On Syria, Jill Stein resorts to odd conspiracy theories
The brutal war in Syria is commonly thought to have started when mass protests calling for democracy against the dictatorship of Bashar al-Assad were crushed by his forces, thus sparking an armed uprising and mass defections from the army.
However, some, such as Stein, would appear to reject this explanation in favour of theories involving the region's natural resources.
"Please, for the love of God, someone tell this conspiracy theorist-appeasing moron to stop tweeting," wrote blogger and activist Joey Hussein Ayoub on Facebook.
Others criticised Stein for marginalising the voices of Syrians.
"At this point, for a public figure claiming to be on the left to think that the conflict in Syria has anything to do with pipelines can only be explained by a deeply ingrained imperial racism that sees no need to listen to Syrians in struggle or pay any attention to them at all," wrote Jason Rising on Facebook
An energy analyst had earlier debunked the article's analysis in The National.

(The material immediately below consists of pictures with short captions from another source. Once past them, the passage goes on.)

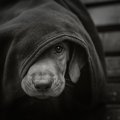 つい犬を叩いてしま…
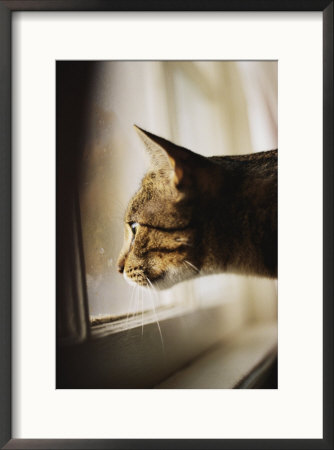 A Profile Of A Tabby Cat by Stephen St. John Pricing Limited Edition Print image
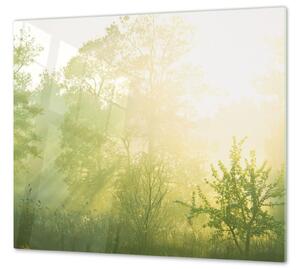 Ochranná deska stromy ve východu slunce - 52x60cm / S lepením na zeď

"Qatar has no problem exporting its gas, in liquefied form, to Europe and the Far East, to a diversity of customers, with no dependence on risky overland pipelines," wrote Robin Mills.
"But if Doha had wanted that much to build its Syrian pipeline, it would have been easier to make the Assads an offer they could not refuse, rather than sponsoring an uncertain and ruinous uprising."

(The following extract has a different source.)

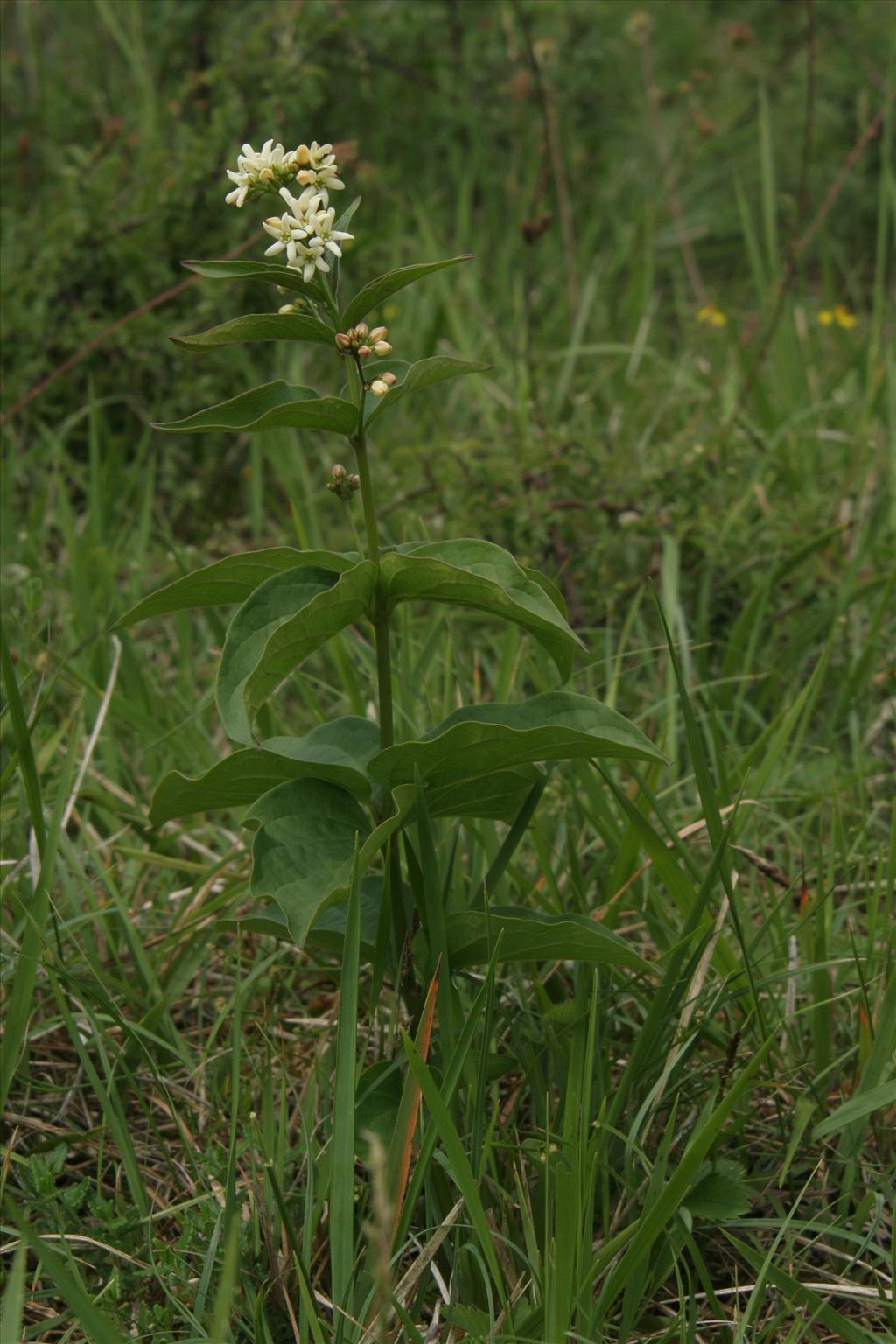 Vincetoxicum hirundinaria (door Willem Braam)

Jill Stein has come under criticism for Putin apologia, warning that the election of Hilary Clinton could spark "World War III" with Russia.

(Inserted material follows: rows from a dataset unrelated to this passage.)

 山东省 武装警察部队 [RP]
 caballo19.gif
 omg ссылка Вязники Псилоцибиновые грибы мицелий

Before it was picked up by a journalist, Sein had a statement on her website saying that the United States should end any military role in Syria, impose an arms embargo, and work "with Syria, Russia, and Iran to restore all of Syria to control by the government."
The "other third candidate" in the US election, Gary Johnson’s stance on Syria also came under scrutiny when he asked "what Aleppo" was last month.